24-advanced.Rmd

---
output: html_document
---

# Advanced exercises

For the final part of the course we would like you to work on more open ended problems. The goal is to carry out the type of analyses that you would be doing for an actual research project. 

Participants who have their own dataset that they are interested in should feel free to work with them. 

For other participants we recommend downloading a dataset from the [conquer](http://imlspenticton.uzh.ch:3838/conquer/) resource (<b>co</b>nsistent <b>qu</b>antification of <b>e</b>xternal <b>r</b>na-seq data). [conquer](http://imlspenticton.uzh.ch:3838/conquer/) uses [Salmon](http://salmon.readthedocs.io/en/latest/salmon.html) to quantify the transcript abundances in a given sample. For a given organism, the fasta files containing cDNA and ncRNA sequences from Ensembl are complemented with ERCC spike-in sequences, and a Salmon quasi-mapping index is built for the entire catalog. Then [Salmon](http://salmon.readthedocs.io/en/latest/salmon.html) is run to estimate the abundance of each transcript. The abundances estimated by [Salmon](http://salmon.readthedocs.io/en/latest/salmon.html) are summarised and provided to the user in the form of a `MultiAssayExperiment` object. This object can be downloaded via the buttons in the _MultiAssayExperiment_ column. The provided `MultiAssayExperiment` object contains two "experiments", corresponding to the gene-level and transcript-level values.

The gene-level experiment contains four "assays":

* TPM
* count
* count_lstpm (count-scale length-scaled TPMs)
* avetxlength (the average transcript length, which can be used as offsets in count models based on the count assay, see [here](http://f1000research.com/articles/4-1521/)).

The transcript-level experiment contains three "assays":

* TPM
* count
* efflength (the effective length estimated by [Salmon](http://salmon.readthedocs.io/en/latest/salmon.html))

The `MultiAssayExperiment` also contains the phenotypic data (in the `pData` slot), as well as some metadata for the data set (the genome, the organism and the Salmon index that was used for the quantification).

Here we will show you how to create an SCESet from a `MultiAssayExperiment` object. For example, if you download `Shalek2013` dataset you will be able to create an SCESet using the following code:

```{r, message=FALSE, warning=FALSE, eval=FALSE}
library(MultiAssayExperiment)
library(SummarizedExperiment)
library(scater)
d <- readRDS("~/Desktop/GSE41265.rds")
cts <- assays(experiments(d)[["gene"]])[["count_lstpm"]]
tpms <- assays(experiments(d)[["gene"]])[["TPM"]]
phn <- pData(d)
sceset <- newSCESet(
    countData = cts, 
    tpmData = tpms,
    phenoData = new("AnnotatedDataFrame", data = as.data.frame(phn))
)
```

You can also see that several different QC metrics have already been pre-calculated on the [conquer](http://imlspenticton.uzh.ch:3838/conquer/) website.

Here are some suggestions for questions that you can explore:

* There are two mESC datasets from different labs (i.e. Xue and Kumar). Can you merge them and remove the batch effects?

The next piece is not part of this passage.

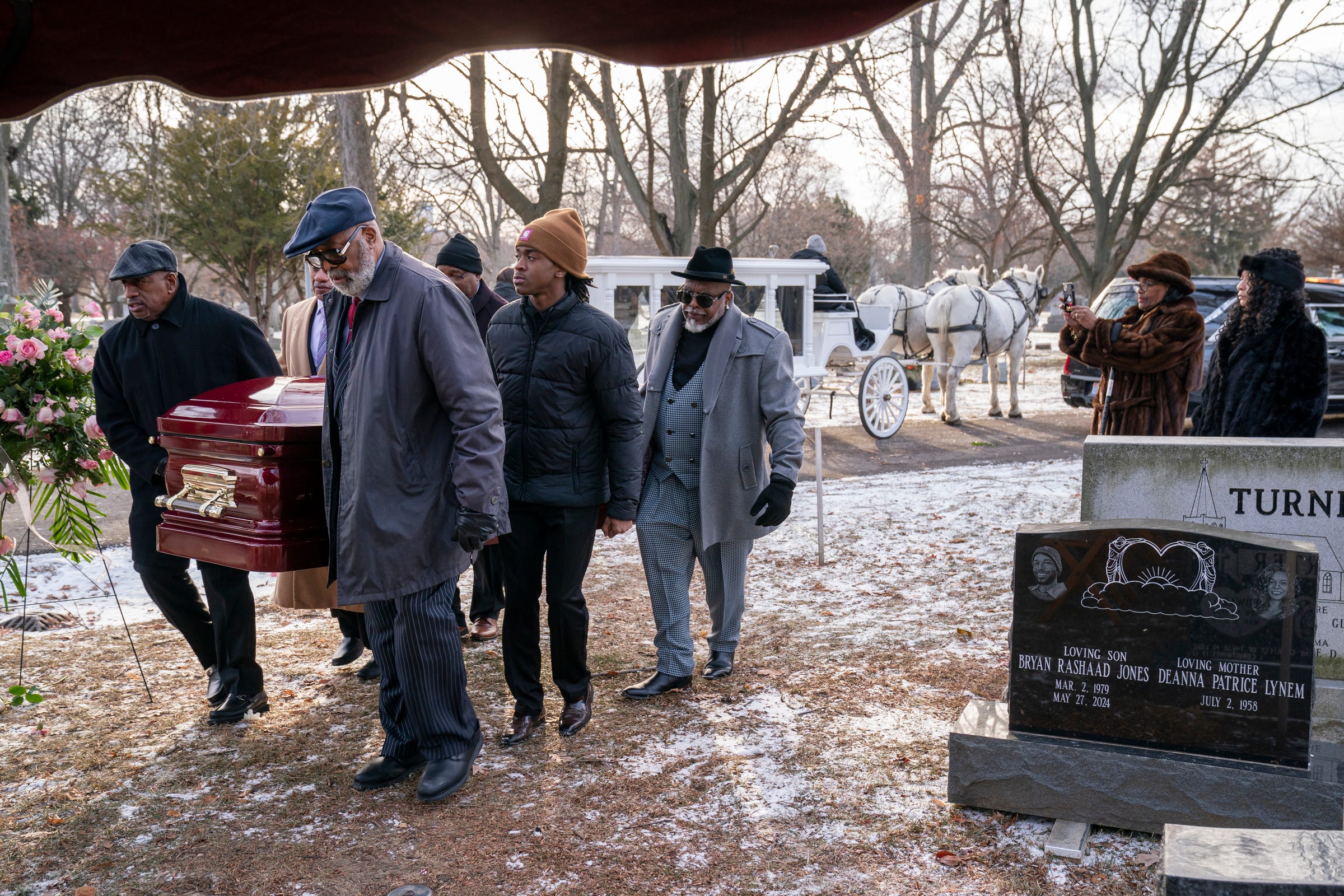 Top Hats and Tails Carriage Company led a funeral procession to Elmwood Cemetery for 98-year-old family matriarch Ruby Smith, of Detroit.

* Clustering and pseudotime analysis look for different patterns among cells. How might you tell which is more appropriate for your dataset?

* One of the main challenging in hard clustering is to identify the appropriate value for k. Can you use one or more of the clustering tools to explore the different hierarchies available? What are good mathematical and/or biological criteria for determining k?

* The choice of normalization strategy matters, but how do you determine which is the best method? Explore the effect of different normalizations on downstream analyses.

* scRNA-seq datasets are high-dimensional and since most dimensions (ie genes) are not informative. Consequently, dimensionality reduction and feature selection are important when analyzing and visualizing the data. Consider the effect of different feature selection methods and dimensionality reduction on clustering and/or pseudotime inference.

* One of the main challenges after clustering cells is to interpret the biological relevance of the subpopulations. One approach is to identify [gene ontology](http://geneontology.org/) terms that are enriched for the set of marker genes. Identify marker genes (e.g. using SC3 or M3Drop) and explore the ontology terms using [gProfiler](http://biit.cs.ut.ee/gprofiler/), [WebGestalt](http://www.webgestalt.org/) or [DAVID](https://david.ncifcrf.gov/).

* Similarly, when ordering cells according to pseudotime we would like to understand what underlying cellular processes are changing over time. Identify a set of changing genes from the aligned cells and use ontology terms to characterize them.